La reciente victoria de Giorgia Meloni en las elecciones italianas ha vuelto a situar a la Unión Europea ante un contexto político difícil que se une a una situación económica y energética poco halagüeñas, sobre todo para Alemania y los países centroeuropeos.
La división en la prensa española a la hora de calificar a Meloni nos ha vuelto a mostrar la importancia de las palabras. Unos medios la describen como “extrema derecha”, otros como “derecha dura” e incluso algunos como “centroderecha”, calificativo alejado de la realidad de su programa con el que ella quiere asociarse ahora que, según parece, va a dirigir la tercera economía de la zona Euro.
Particularmente entre aquellos que argumentan el carácter extremo de Meloni se ha abierto paso el concepto de “neofascismo” o “posfascismo” a la hora de referirse a la victoriosa líder italiana. Esto se debe a que Meloni militó en el Movimiento Social Italiano, fundado en 1946 por seguidores de Benito Mussolini. De hecho, Hermanos de Italia, el partido ganador de las elecciones, mantiene en su logo la llama de la tumba de Mussolini.

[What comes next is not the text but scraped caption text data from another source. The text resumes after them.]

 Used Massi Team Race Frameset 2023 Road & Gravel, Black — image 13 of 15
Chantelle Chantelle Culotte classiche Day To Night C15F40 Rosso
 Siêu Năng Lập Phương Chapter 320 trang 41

Meloni ha rechazado el fascismo justo antes de las elecciones: «La derecha italiana ha relegado el fascismo a la historia desde hace décadas, condenando sin ambigüedades la privación de la democracia y las infames leyes antijudías. Y obviamente también es inequívoca nuestra condena al nazismo y al comunismo». A pesar de estas declaraciones, que critican cuestiones más ligadas al nazismo alemán que al fascismo italiano, es evidente que hay una herencia de Mussolini en el partido de Meloni. Sin embargo, se trata de una cuestión más romántica, basada en una visión esencialista de la historia, que concreta, con capacidad para construir un estado totalitario. De hecho, el fascismo fue inventado para un mundo que ya no existe.

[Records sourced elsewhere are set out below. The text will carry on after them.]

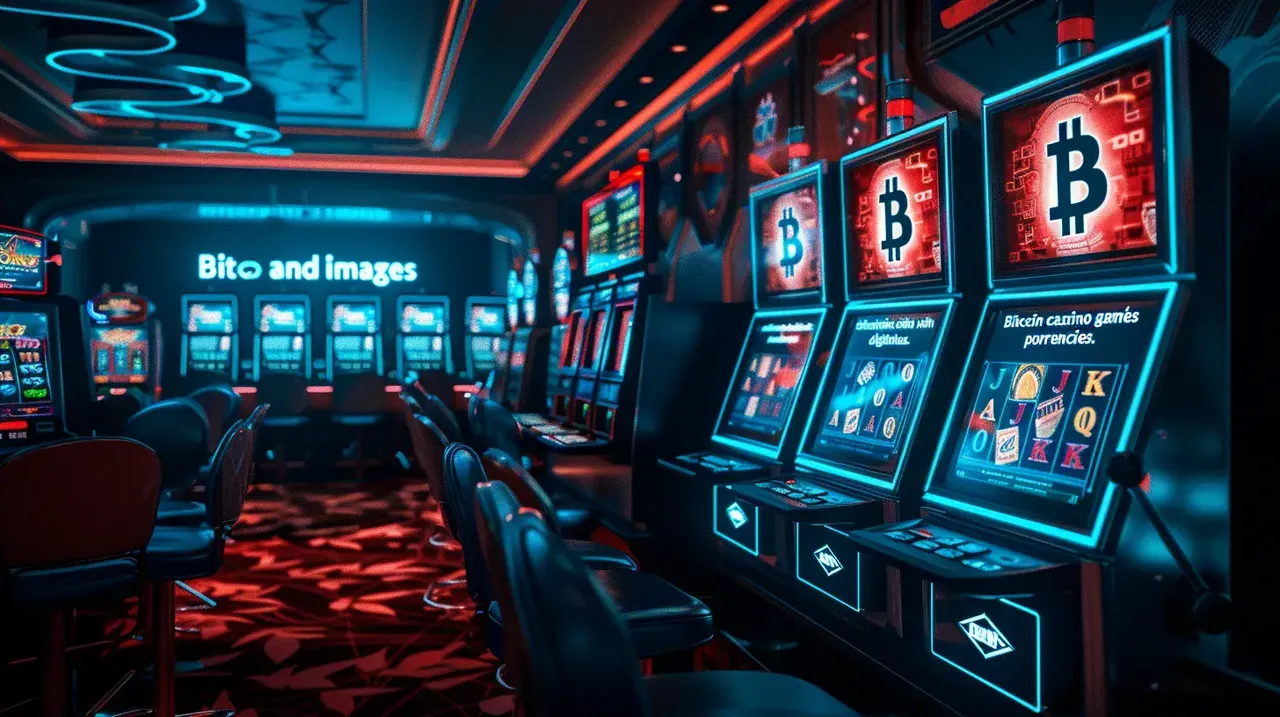Bitcoin Casino Schweiz – Krypto-Zahlungen im Test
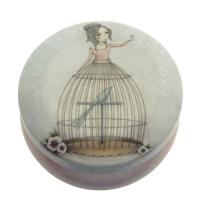 Opakowanie Blaszane pudełko na ozdoby - Lost Song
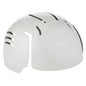 Skullerz 8945 universal bump cap insert, gray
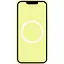 Чехол Silicone Case with Button, Animation & MagSafe для Apple iPhone 17 Neon Yellow AAA (153236) - миниатюра 4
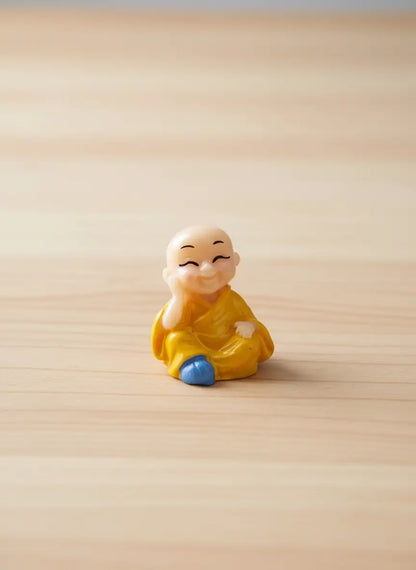 Laughing Buddha Miniature (M-321)
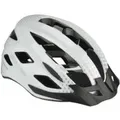 FISCHER Fahrrad-Helm ''Urban Lano'', Größe: L/XL Innenschale aus hochfestem EPS, verstellbares, beleuchtetes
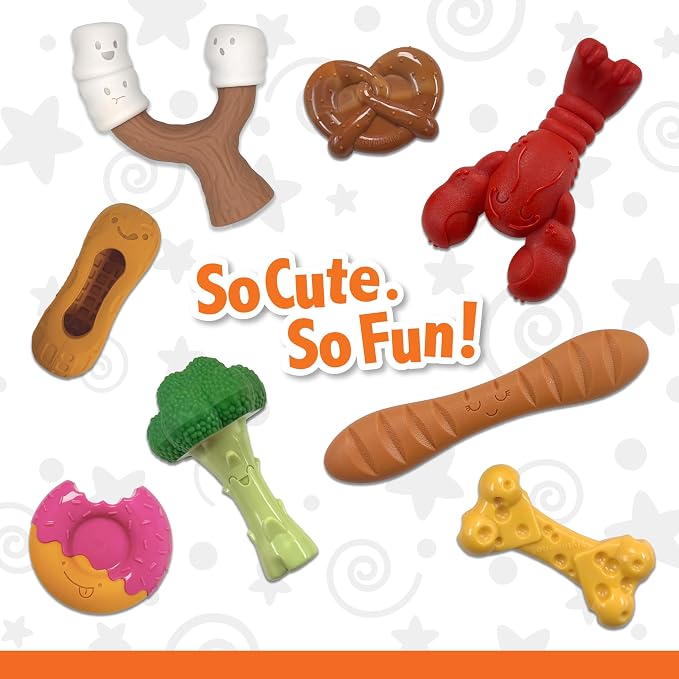 Nylabone Pretzel Power Chew Toy - Image 9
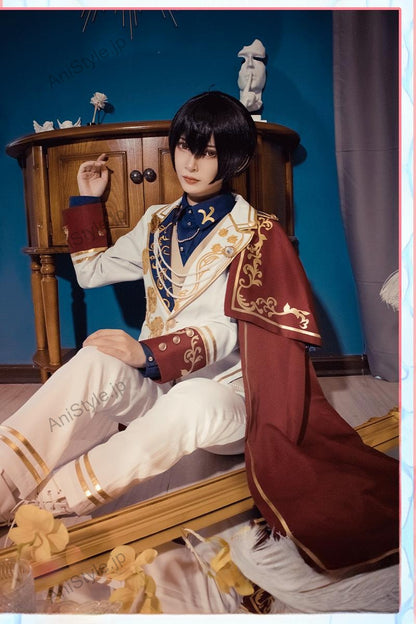 あんさんぶるスターズ！！ あんスタ 白昼夢＊微睡みのユーサネイジア  朔間凛月 コスプレ衣装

El empleo de estos términos vinculados al fascismo a la hora de analizar el movimiento de Meloni no ayudan a comprender lo que ha ocurrido no ya en estas últimas semanas en Italia, sino sobre todo en los últimos años, cuando los partidos tradicionales han dejado de dar respuesta a los problemas cotidianos de la gente corriente. Lo cierto es que el fascismo murió en el mismo momento en el que la globalización triunfó. El éxito en Europa de la economía liberal y del estado de bienestar, inspirado en principios democristianos y socialdemócratas, ha sido tan arrollador que sólo una guerra directa podría destruir los equilibrios políticos que hemos construido. La Unión Europea debe ejercer, por tanto, su papel de contrapeso frente al despertar de la política iliberal en Italia o Suecia, y debe hacerlo con más eficacia que en Hungría y Polonia.

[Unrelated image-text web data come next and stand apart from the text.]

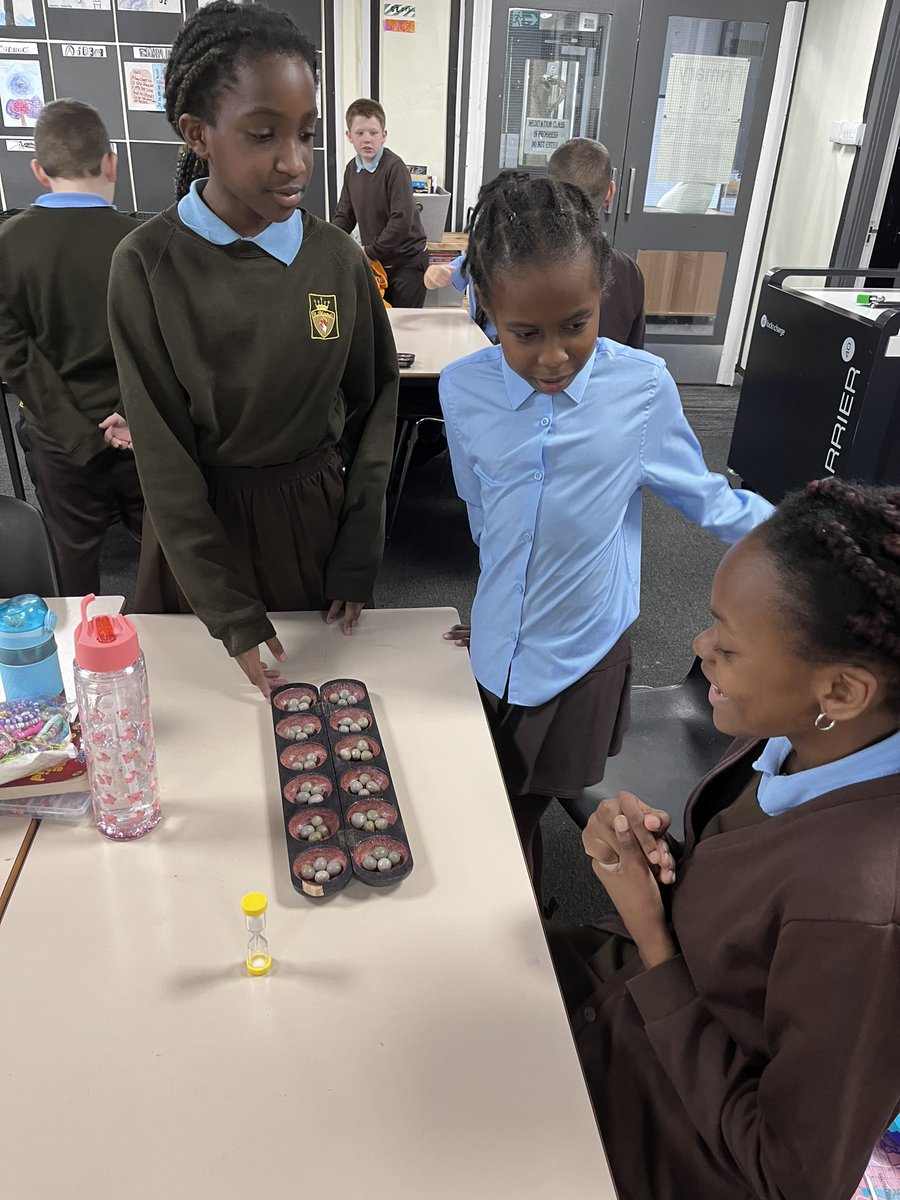 MsOwens16's tweet photo. Chief Chebe was amazing and very entertaining. P6 enjoyed every moment of drumming and learning new African games @StBlanesGCC @gw14gillfillan1 #BlackHistoryMonth2023 https://t.co/U0amUDsrCn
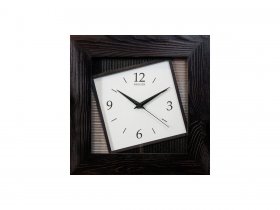 Часы настенные ДСЗ-4АС6-315 Асимметрия 3 в Верхоянске - verhoyansk.mebel-nsk.ru | фото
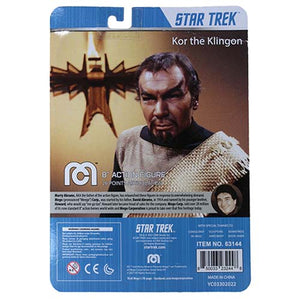 Mego 8 inch Action Figure Star Trek - Select Figure(s)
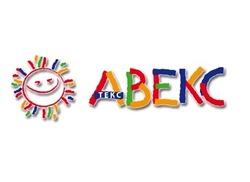 Свідоцтво торговельну марку № 319611 (заявка m202125695): abekc tekc; авекс текс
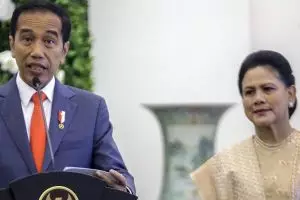 Presiden Jokowi-Iriana lakukan tes Corona, bagaimana hasilnya?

Es cierto que con la expresión “neo” se intenta transmitir desde la izquierda la idea de que existe el peligro de un nuevo fascismo para el siglo XXI. Pero ese nuevo fascismo italiano, en cualquier caso, no es fascista en la medida en que acepta la globalización y el orden liberal de la Unión Europea, los denominados por Meloni “burócratas de Bruselas”. Más que defender un estado que lo controle todo, como pretendía el fascismo, a los nuevos líderes políticos de la extrema derecha italiana les toca lidiar con un mundo remotamente diferente al de 1922, cuando Benito Mussolini llevó a cabo la Marcha sobre Roma.
La historia comparada, la utilización de términos del pasado para el presente, es demasiado atractiva para el mundo político, el periodístico y, en realidad, también para todos en general. Los historiadores, sin embargo, no podemos sino reflexionar sobre el origen de los términos que empleamos. Es nuestra obligación profesional y moral. Si insistimos en deconstruir la palabra “etnia” para el mundo prerromano o el término “nación” para los estados modernos, tampoco es apropiado hablar de neofascismo para referirnos a Meloni, por mucho que se sitúe en una tradición extrema de la derecha política italiana y cuente con algunos elementos heredados de Mussolini. El fascismo va más allá de las palabras y de su simbología, que tiene unas raíces históricas mucho más profundas.